DONOHUE and others v. ROBERTS and others.
Circuit Court, E. D. Missouri.
March 13, 1880.
v.1, no.7-29
ACCOUNT—JOINDER OF ADMINISTRATOR AND SURETIES IN THE SAME SUIT—PAYNE v. HOOK, 7 WALL. 425; 14 WALL. 252, FOLLOWED.—An administrator and his sureties may be joined in a suit against the administrator for an account and settlement, and for judgment against the sureties for the balance found due upon the settlement of such account.
ADMINISTRATOR—SURETIES—FRAUDULENT AND COLLUSIVE CLAIM.—It cannot be determined upon demurrer whether such sureties are liable for the alleged fraud and collusion of the administrator in the proof and allowance of his own individual claim against the estate of his intestate.
In Equity. Demurrer to complaint.
Lucien Eaton, for complainants.
Louis Houck, for respondents.
MCCRARY, J., (orally.) This case was submitted upon a demurrer to the complainants’ bill. The bill is brought by the heirs of Mrs. Roberts, against her administrator and his sureties, charging fraud in the settlement of the accounts of the estate, and seeking to have a settlement of the amount due from the administrator, and to recover the same as against him and his sureties. The demurrer raises the question whether the two can be joined in one action—that is, a suit against the administrator to settle his accounts and to recover the balance, and at the same time against his sureties to obtain judgment against them for whatever balance may be ascertained. That question has been fully settled by a case which went up from this court and was twice considered by the supreme court of the United States.

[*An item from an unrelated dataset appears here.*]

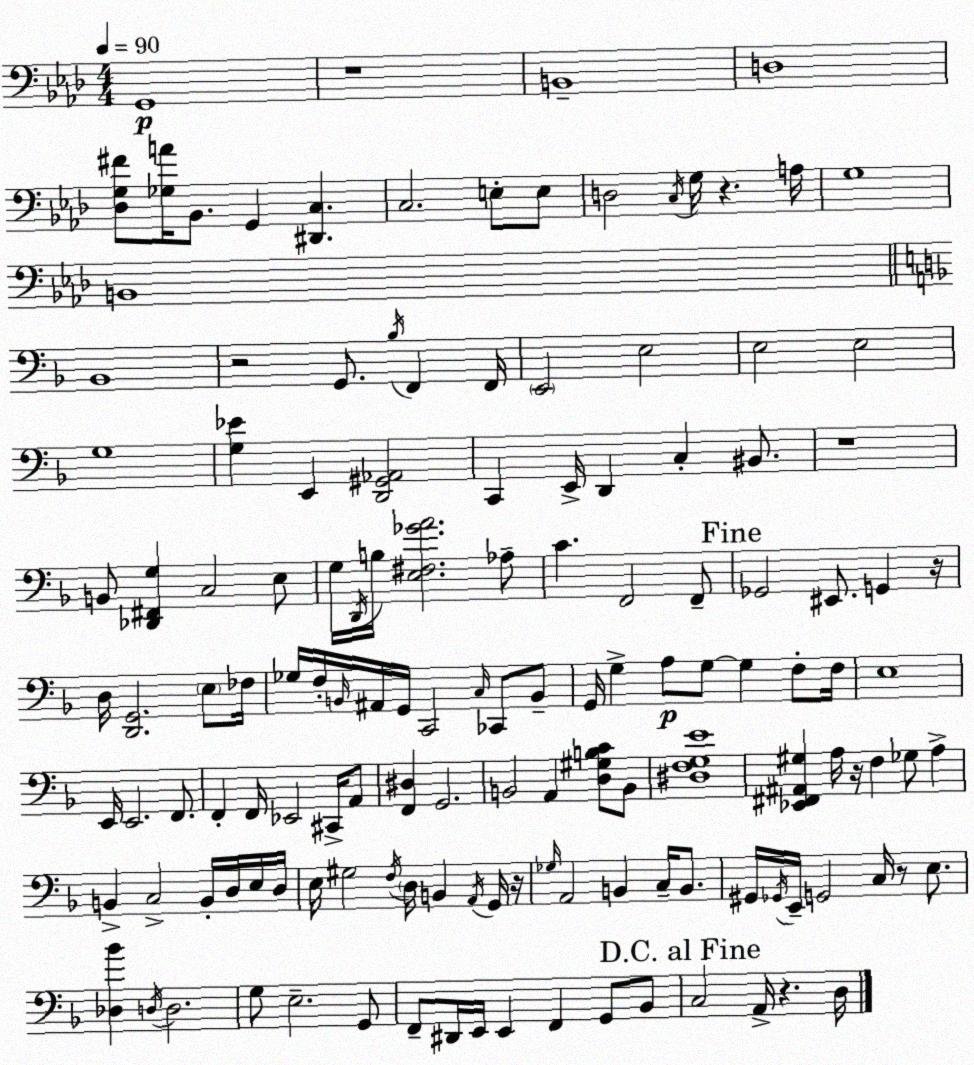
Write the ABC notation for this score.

Payne v. Hook, 7 Wall. 425; 14 Wall. 252, where the same question was fully considered, and the right to join the administration and his 450 sureties in such a suit for these purposes, fully sustained. The further question is made, which is this: The administrator of this estate presented a claim in his own behalf, and, for the purposes of the settlement of that claim, a temporary administrator was appointed, called under the statute, I believe, an attorney to represent the heirs. There was a hearing upon that matter, and the claim was allowed. It is now insisted that the sureties of the administrator are not responsible for any fraud committed in that transaction. The bill, however, charges collusion and fraud on the part of the administrator in connection with this transaction, and it will depend, I think, altogether on the proof as to whether he is liable in his official capacity; and if liable, of course his sureties are liable. That matter can be determined only after the proofs are submitted.
The demurrer to the bill is overruled.